> _PROBLEM DETAILS_: Set down the entries below exactly; drop the pictures.

Short descriptive text snippets:
- Opening Delimiter -

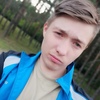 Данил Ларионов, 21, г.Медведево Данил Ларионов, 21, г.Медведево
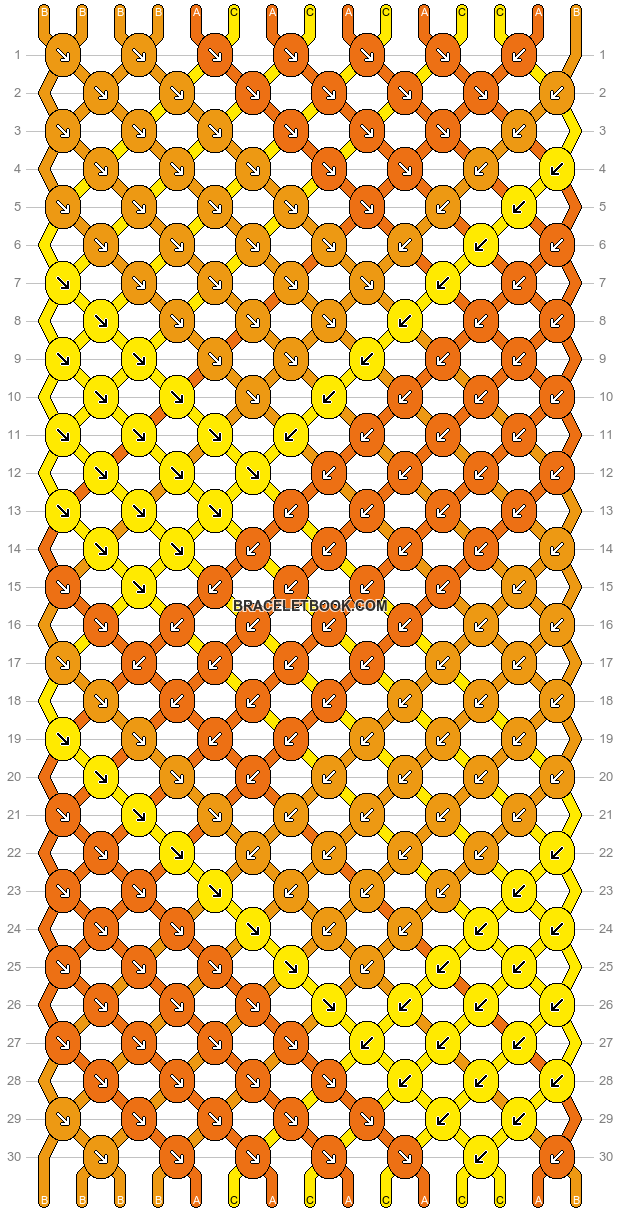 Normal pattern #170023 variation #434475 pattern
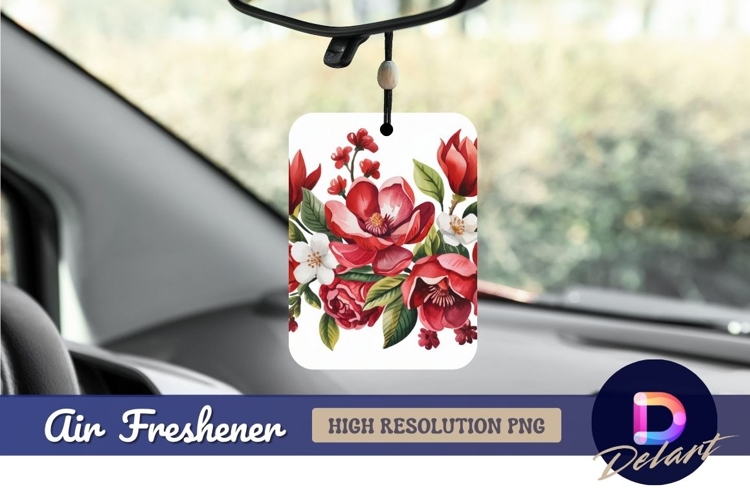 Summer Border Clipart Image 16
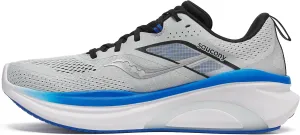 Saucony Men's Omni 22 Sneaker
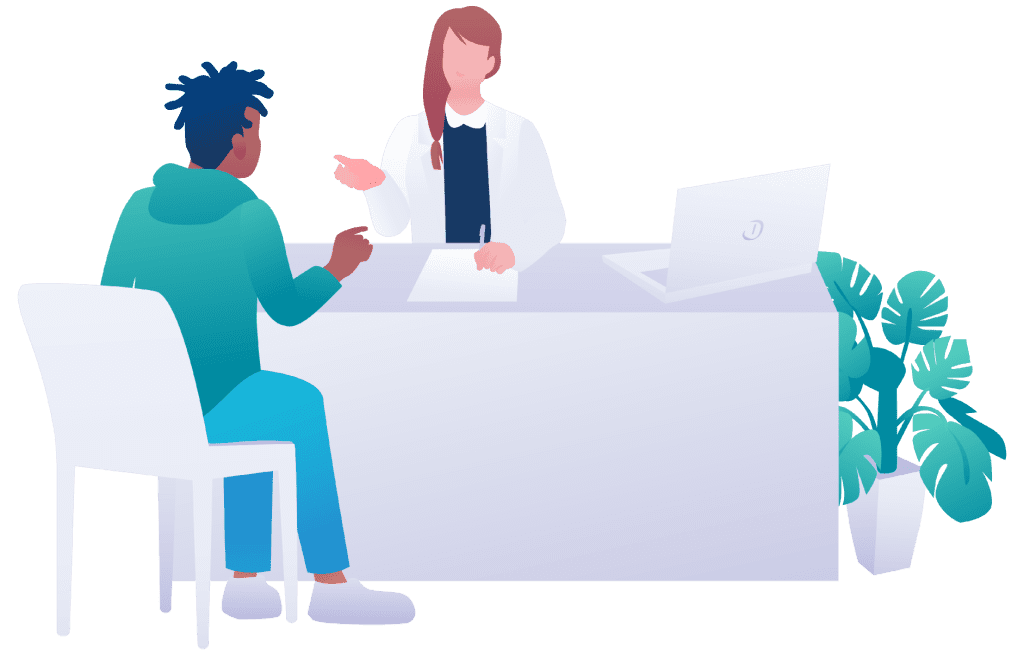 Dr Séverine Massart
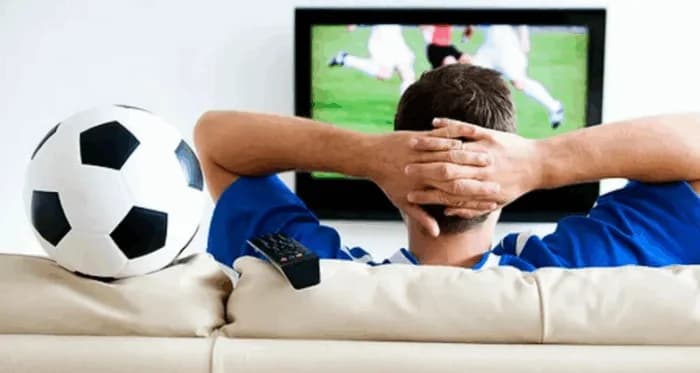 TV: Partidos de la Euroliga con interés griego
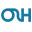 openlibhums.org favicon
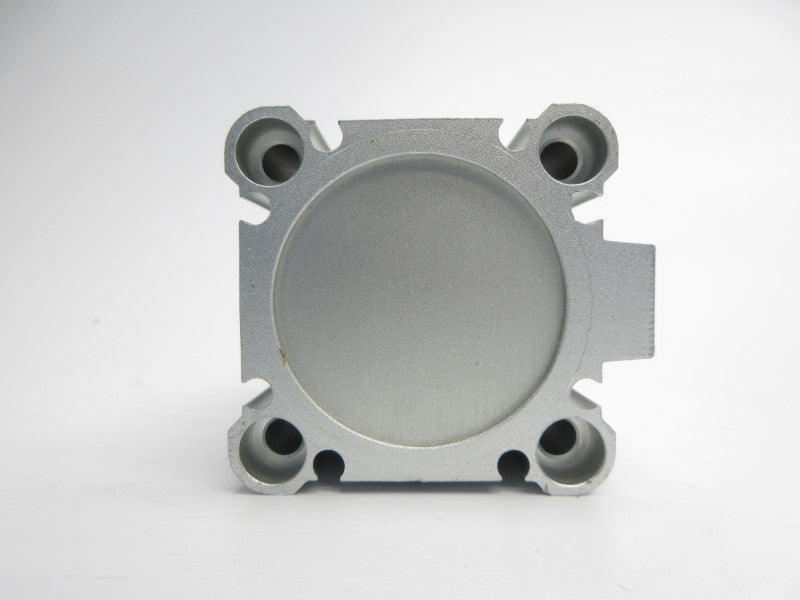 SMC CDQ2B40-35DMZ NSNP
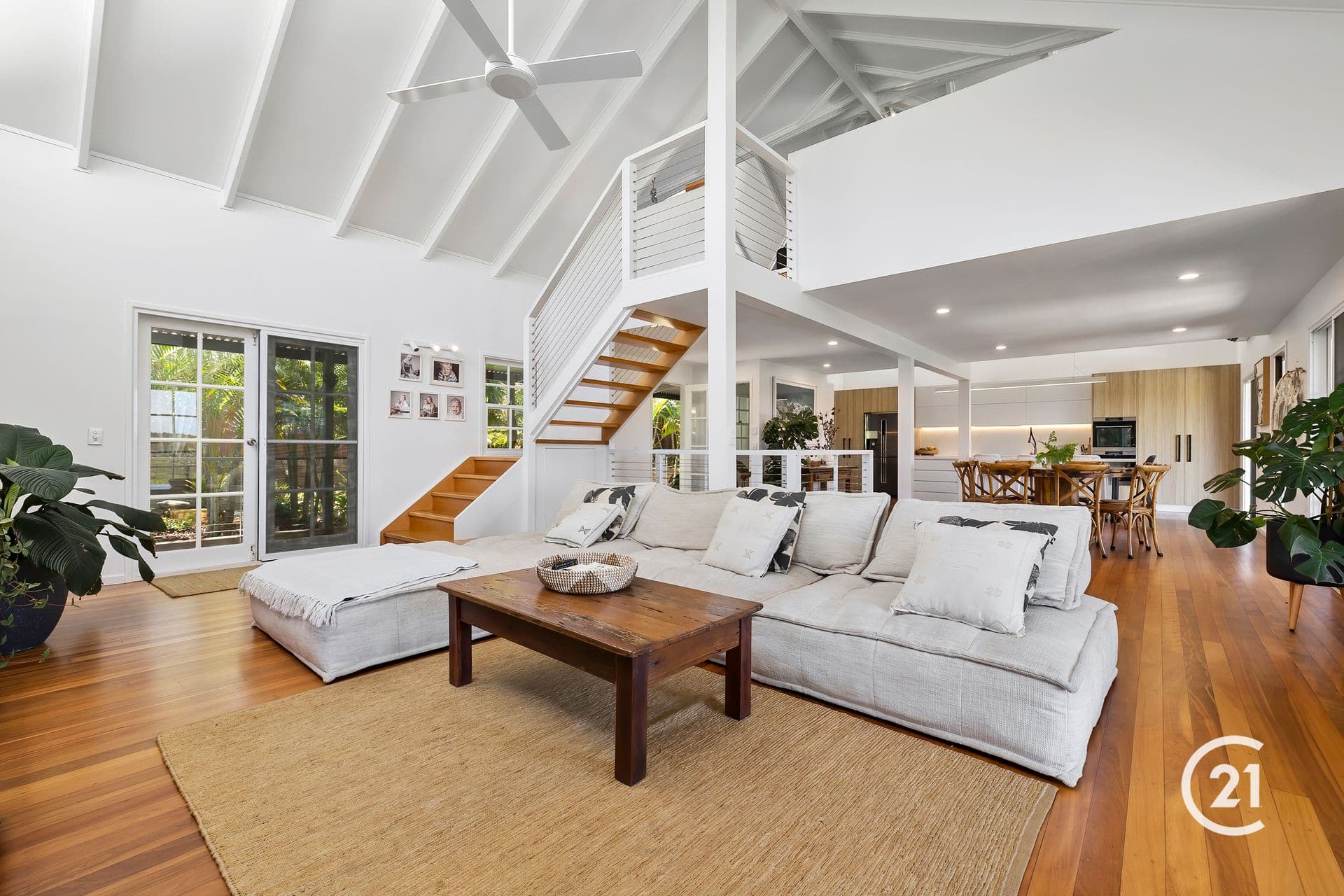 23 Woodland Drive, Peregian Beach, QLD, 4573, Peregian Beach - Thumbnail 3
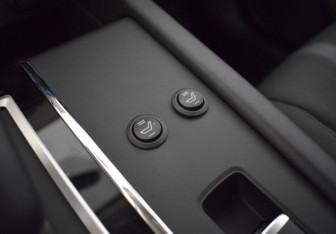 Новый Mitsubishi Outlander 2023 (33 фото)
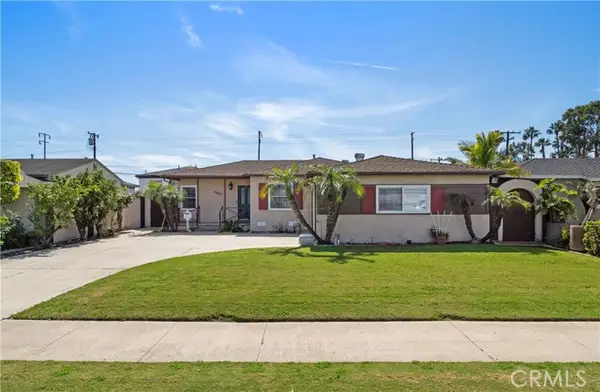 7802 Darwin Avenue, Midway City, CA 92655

- Closing Delimiter -

> _ANSWER SECTION_:
 Данил Ларионов, 21, г.Медведево Данил Ларионов, 21, г.Медведево
 Normal pattern #170023 variation #434475 pattern
 Summer Border Clipart Image 16
 Saucony Men's Omni 22 Sneaker
 Dr Séverine Massart
 TV: Partidos de la Euroliga con interés griego
 openlibhums.org favicon
 SMC CDQ2B40-35DMZ NSNP
 23 Woodland Drive, Peregian Beach, QLD, 4573, Peregian Beach - Thumbnail 3
 Новый Mitsubishi Outlander 2023 (33 фото)
 7802 Darwin Avenue, Midway City, CA 92655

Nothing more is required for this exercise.